Entries below include pictures. Output exactly the lines from the one with "Perro de Montana del Pirineo" down to the one with "photo by DAN", both ends included, and leave the pictures out.

··········

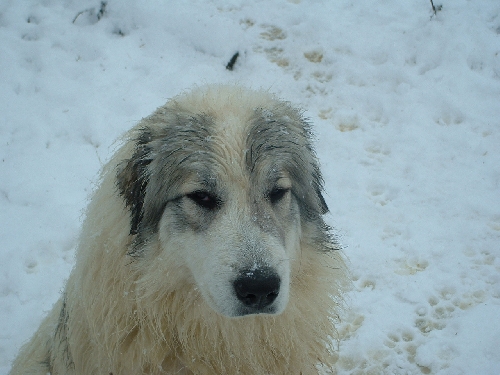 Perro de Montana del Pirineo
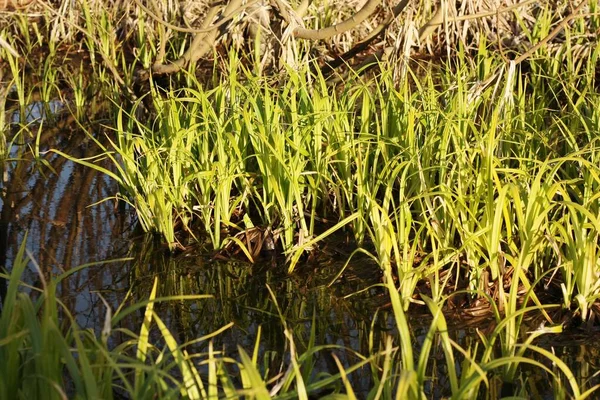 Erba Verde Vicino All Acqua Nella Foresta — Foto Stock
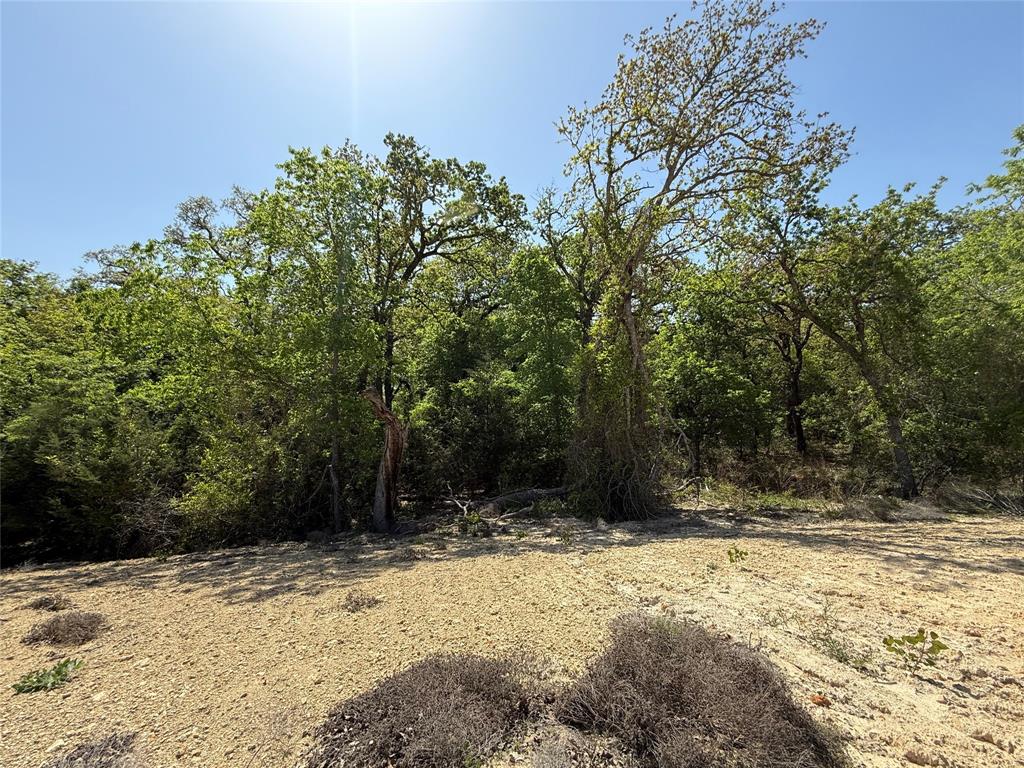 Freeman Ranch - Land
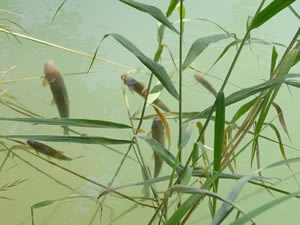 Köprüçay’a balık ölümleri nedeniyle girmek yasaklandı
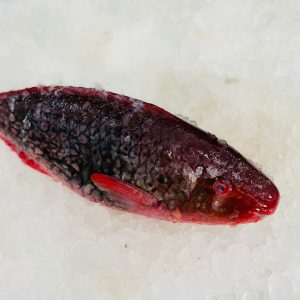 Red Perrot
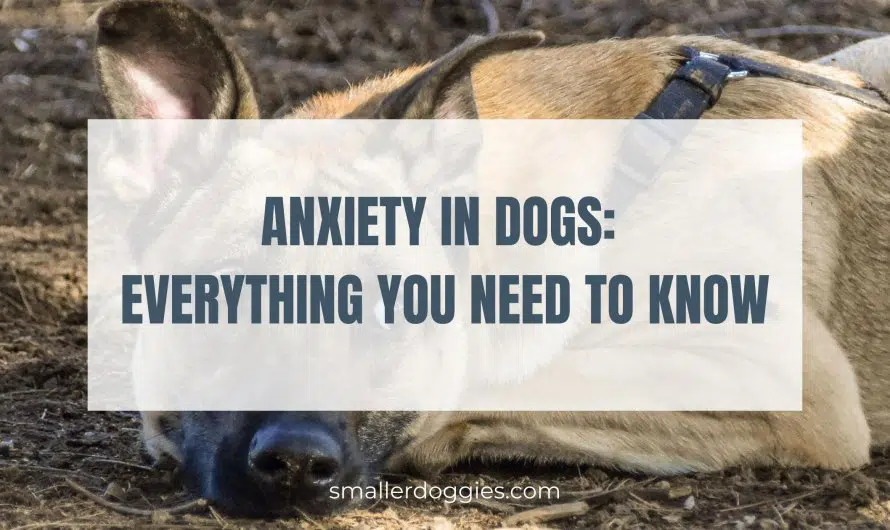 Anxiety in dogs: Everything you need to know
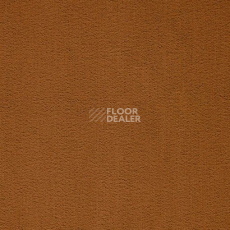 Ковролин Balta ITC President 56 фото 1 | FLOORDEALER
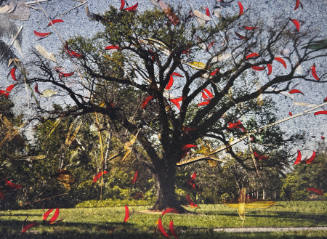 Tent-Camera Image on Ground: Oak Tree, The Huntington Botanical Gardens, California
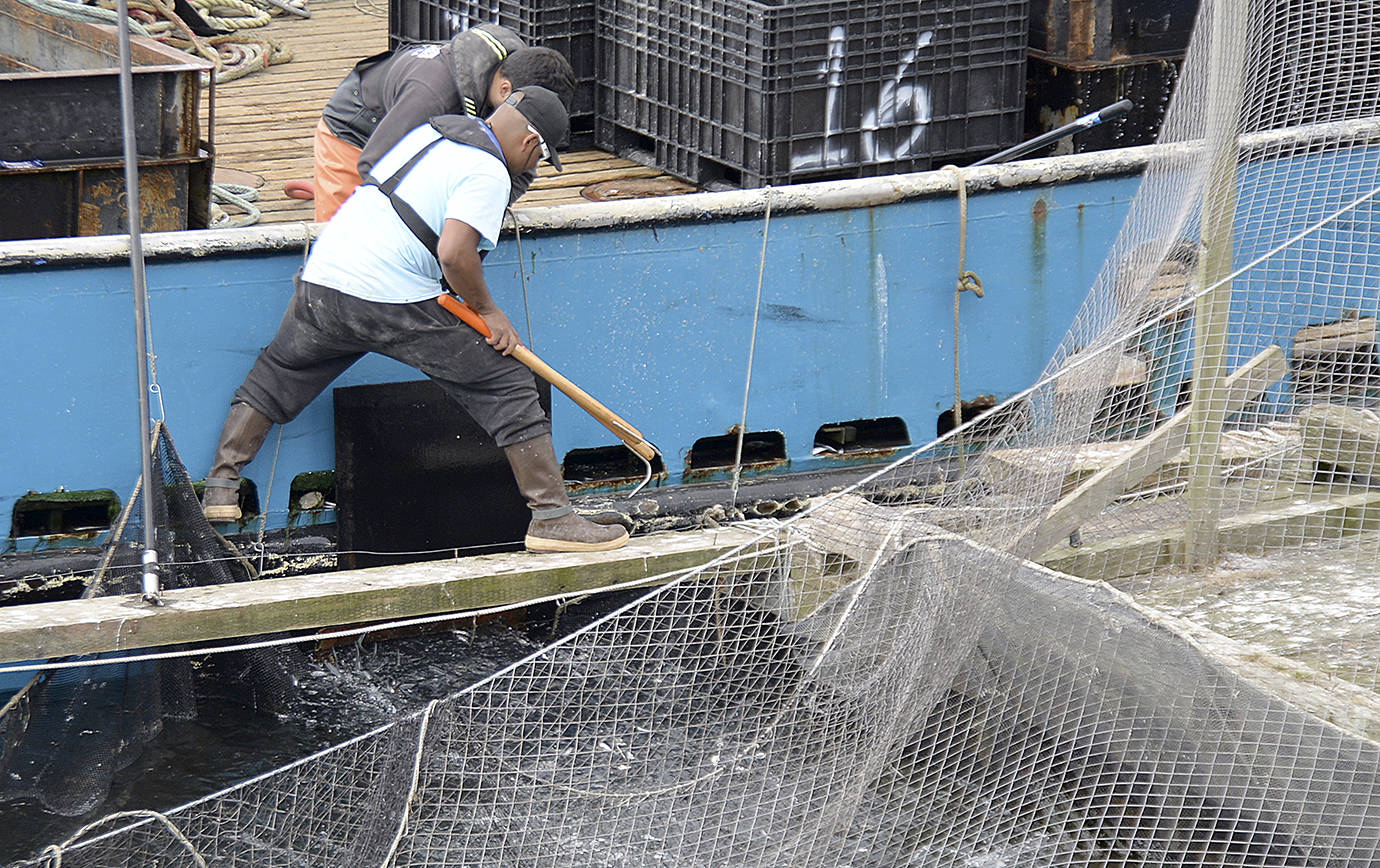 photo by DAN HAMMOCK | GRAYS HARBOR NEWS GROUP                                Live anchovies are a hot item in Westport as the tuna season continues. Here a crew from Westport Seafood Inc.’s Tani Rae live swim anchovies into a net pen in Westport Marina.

··········

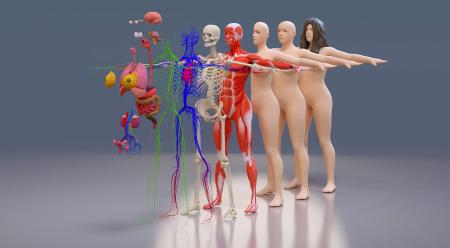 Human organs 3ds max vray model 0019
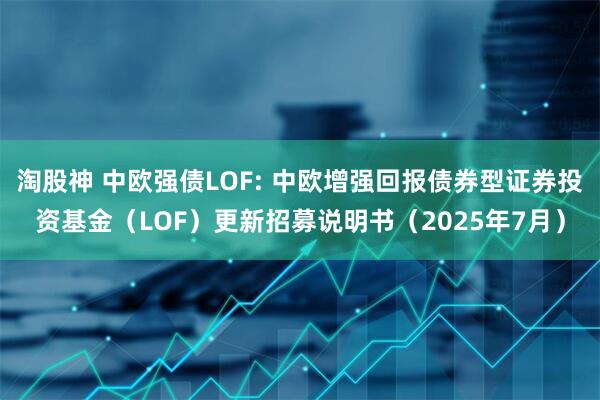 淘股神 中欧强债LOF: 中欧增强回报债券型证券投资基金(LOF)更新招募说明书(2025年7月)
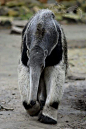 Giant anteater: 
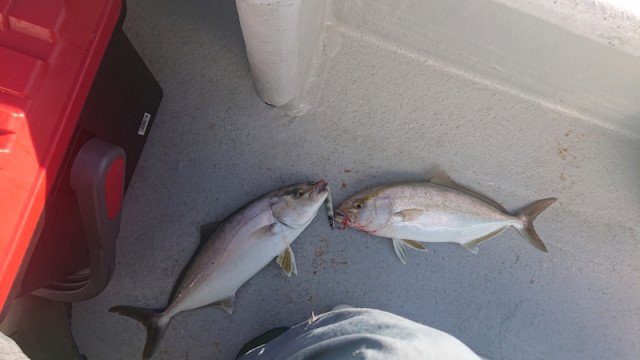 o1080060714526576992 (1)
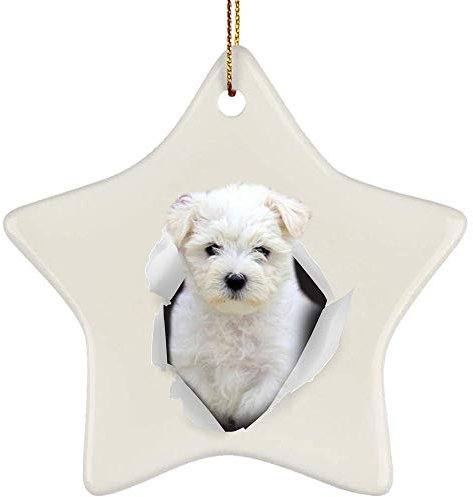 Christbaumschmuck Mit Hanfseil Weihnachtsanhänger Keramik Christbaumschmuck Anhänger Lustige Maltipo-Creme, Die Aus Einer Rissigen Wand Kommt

··········

Result below:
 Perro de Montana del Pirineo
 Erba Verde Vicino All Acqua Nella Foresta — Foto Stock
 Freeman Ranch - Land
 Köprüçay’a balık ölümleri nedeniyle girmek yasaklandı
 Red Perrot
 Anxiety in dogs: Everything you need to know
 Ковролин Balta ITC President 56 фото 1 | FLOORDEALER
 Tent-Camera Image on Ground: Oak Tree, The Huntington Botanical Gardens, California
 photo by DAN HAMMOCK | GRAYS HARBOR NEWS GROUP                                Live anchovies are a hot item in Westport as the tuna season continues. Here a crew from Westport Seafood Inc.’s Tani Rae live swim anchovies into a net pen in Westport Marina.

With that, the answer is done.